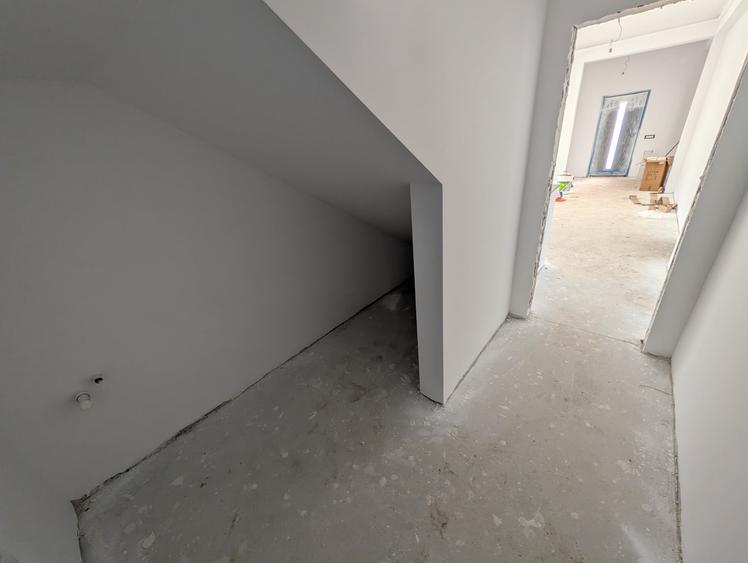 Casă individuală cu 5 camere cu Canalizare în Ștefăneștii de Jos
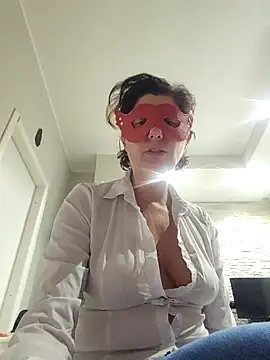 Vagabondainnamorata online show from 03-27-26, 04:21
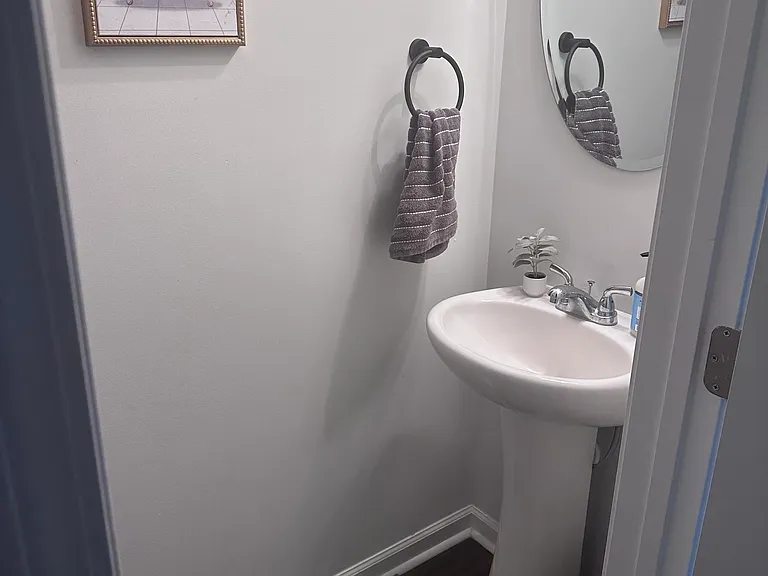 124 Jepson Way — Photo 3
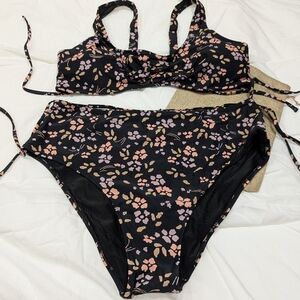 BNWT / Berlook / US 22 / Pleated Plus Size Bikini Set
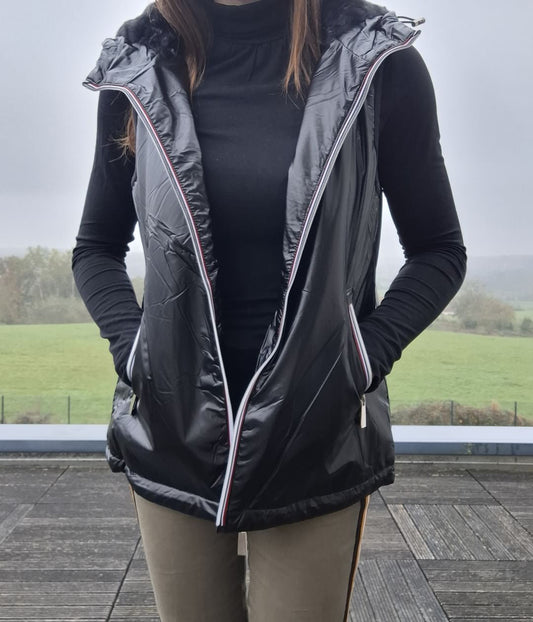 Attrait Paris - Veste sans manche fourré et imperméable avec capuche noir Attrait Paris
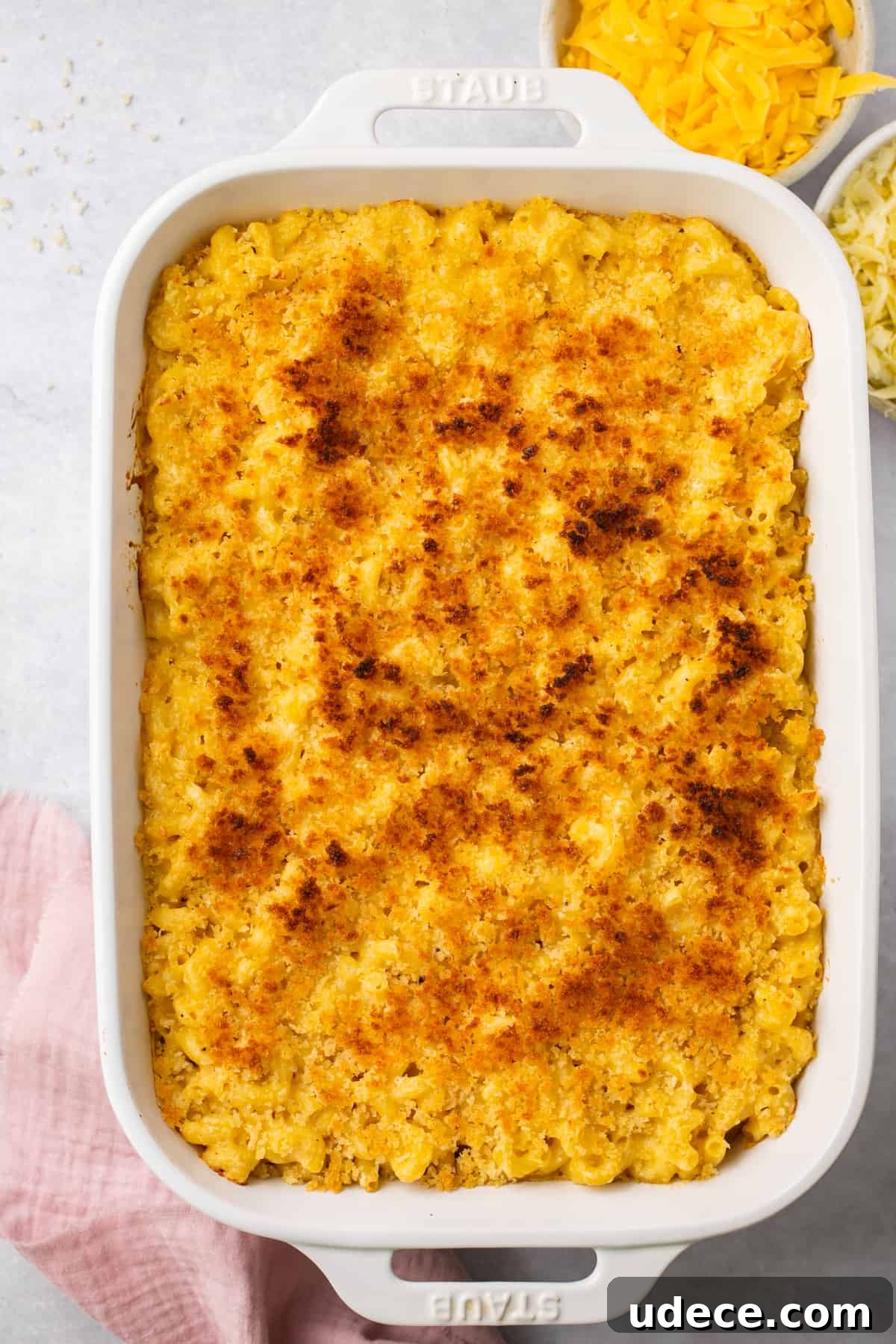 macaroni and cheese in white dish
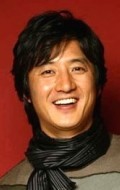 Актер Чон Чун Хо сыгравший роль в кино Замужем за мафией 5.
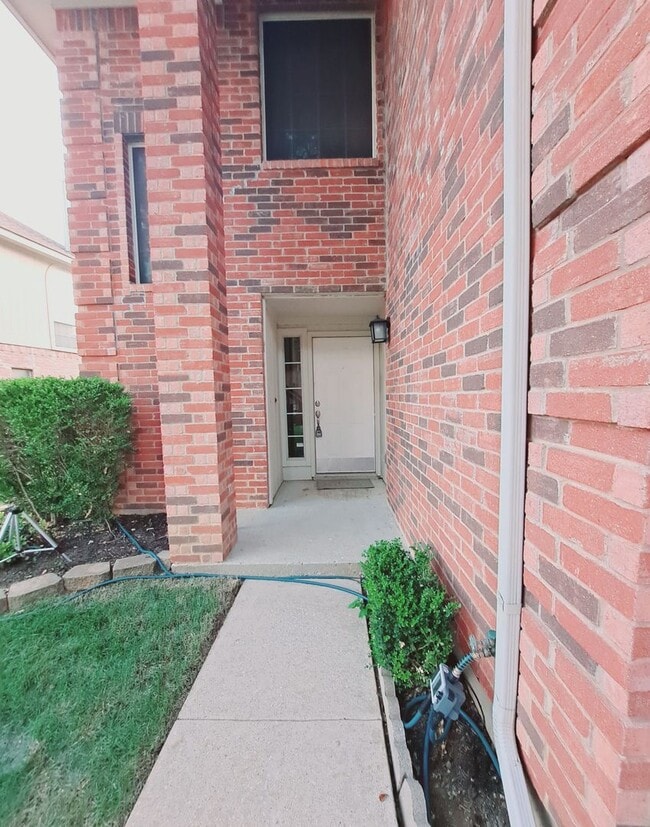 Building Photo - 2 Story 3/2.5/2 with 2 living and 2 dining...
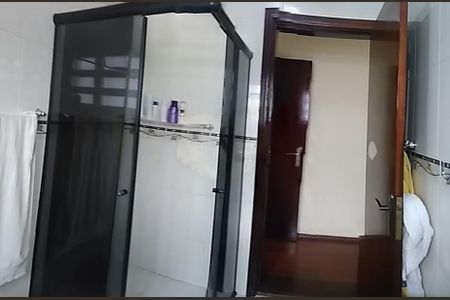 Casa à venda com 198m², 3 quartos e 3 vagas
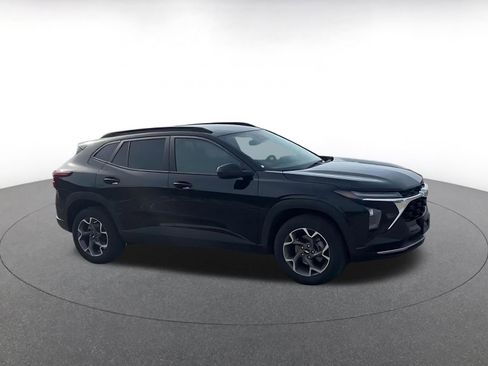 Used 2025 Chevrolet Trax LT image 2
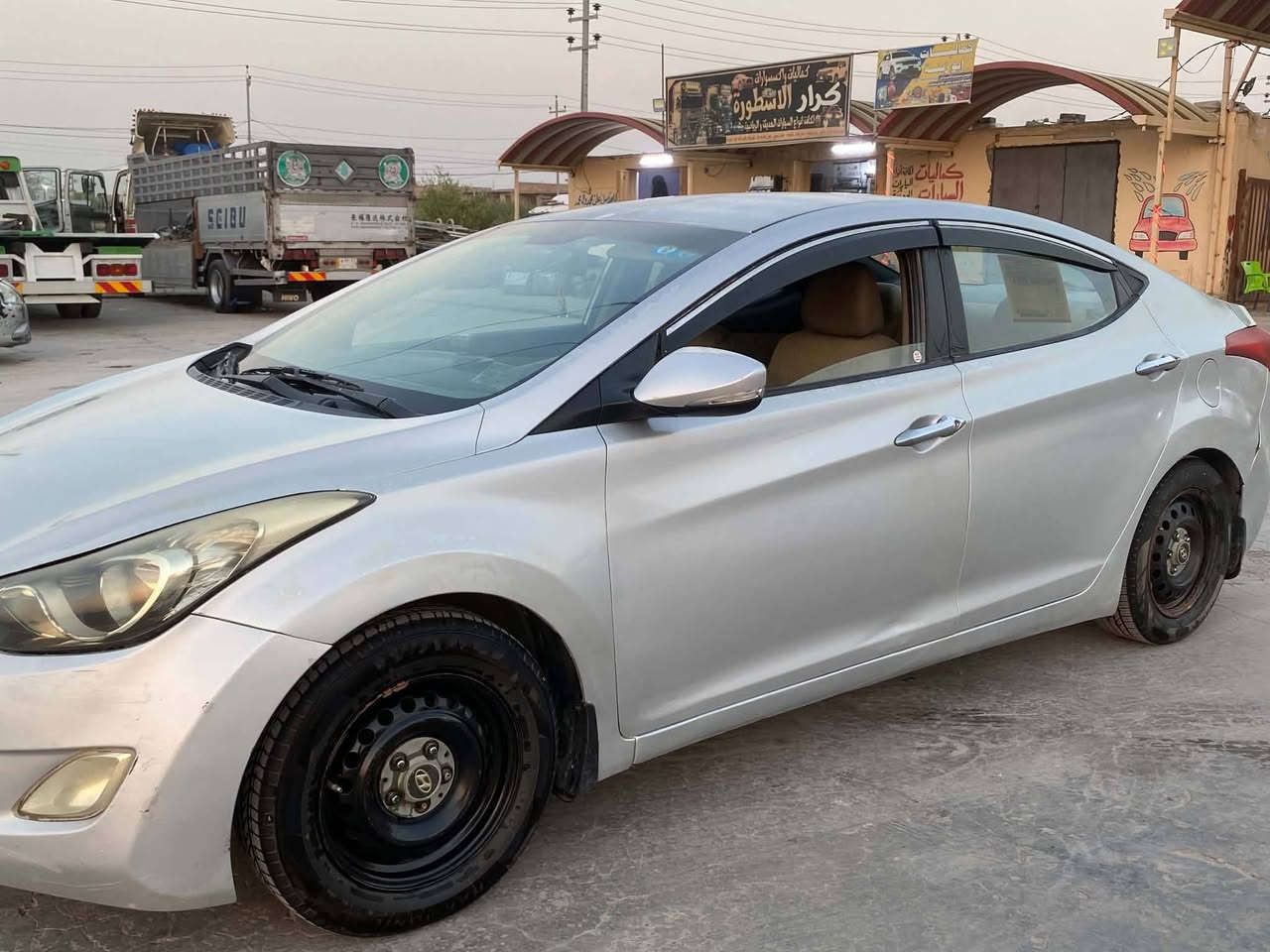 للبيع فقط سعر 95 $
النترا 2013 خليجي 1600
مكينه وكير مكفولات
تبريد شغال وشرط ثلج 
بيها حزام جماليه فقط
رقم انكليزي وهزه جديده صارلها شهر من شديت الارقام
للاستفسار واتساب او اتصال
***********
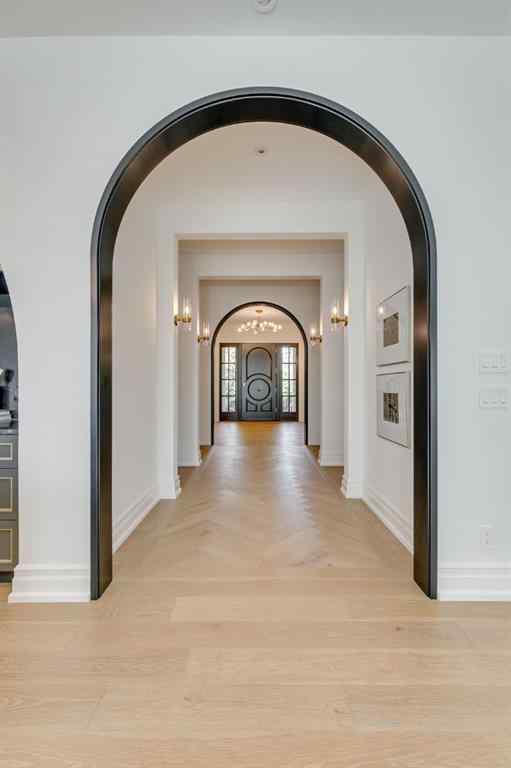 MLS® A2261008 - 109 Roxboro Road SW in Roxboro Calgary, Residential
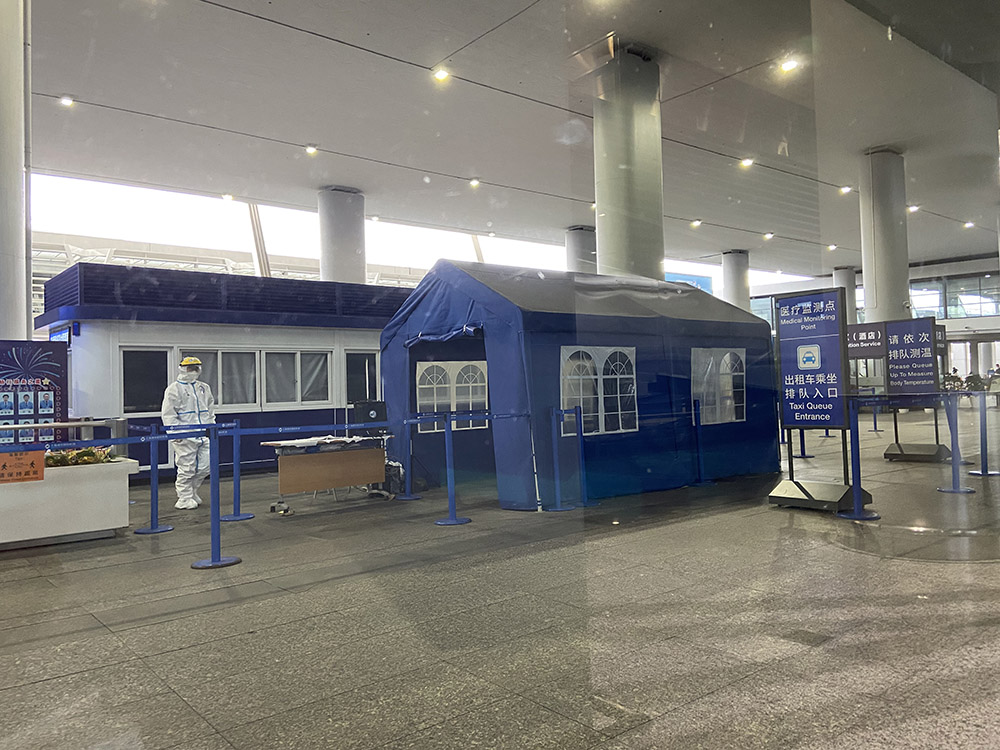 直击浦东机场旅客们体验如何工作人员们在忙什么图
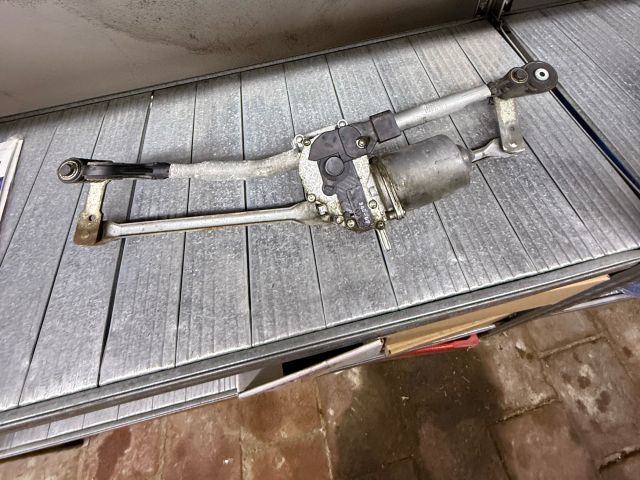 bontott BMW X5 Első Ablaktörlő Szerkezet Motorral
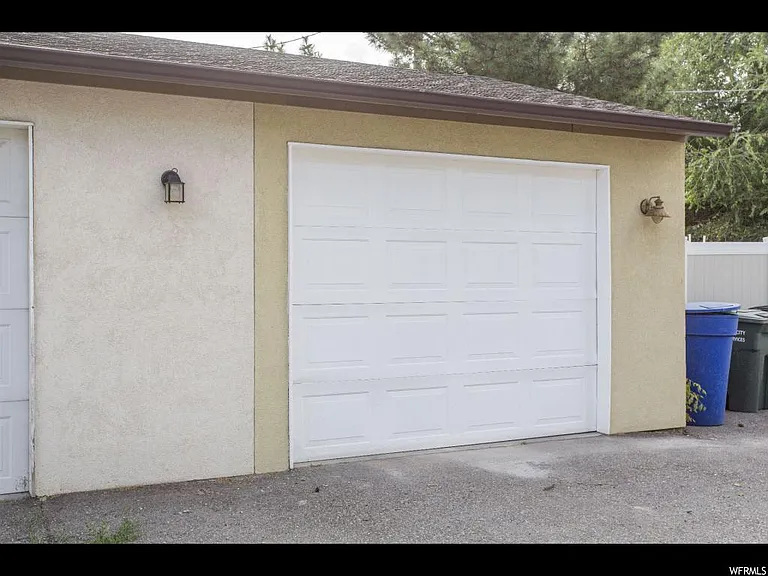 2724 S Richmond St E — Photo 15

-- -- --

• [Problem requirements] Return every entry above word for word, and include no images.

• [Task response]
 Casă individuală cu 5 camere cu Canalizare în Ștefăneștii de Jos
 Vagabondainnamorata online show from 03-27-26, 04:21
 124 Jepson Way — Photo 3
 BNWT / Berlook / US 22 / Pleated Plus Size Bikini Set
 Attrait Paris - Veste sans manche fourré et imperméable avec capuche noir Attrait Paris
 macaroni and cheese in white dish
 Актер Чон Чун Хо сыгравший роль в кино Замужем за мафией 5.
 Building Photo - 2 Story 3/2.5/2 with 2 living and 2 dining...
 Casa à venda com 198m², 3 quartos e 3 vagas
 Used 2025 Chevrolet Trax LT image 2
 للبيع فقط سعر 95 $
النترا 2013 خليجي 1600
مكينه وكير مكفولات
تبريد شغال وشرط ثلج 
بيها حزام جماليه فقط
رقم انكليزي وهزه جديده صارلها شهر من شديت الارقام
للاستفسار واتساب او اتصال
***********
 MLS® A2261008 - 109 Roxboro Road SW in Roxboro Calgary, Residential
 直击浦东机场旅客们体验如何工作人员们在忙什么图
 bontott BMW X5 Első Ablaktörlő Szerkezet Motorral
 2724 S Richmond St E — Photo 15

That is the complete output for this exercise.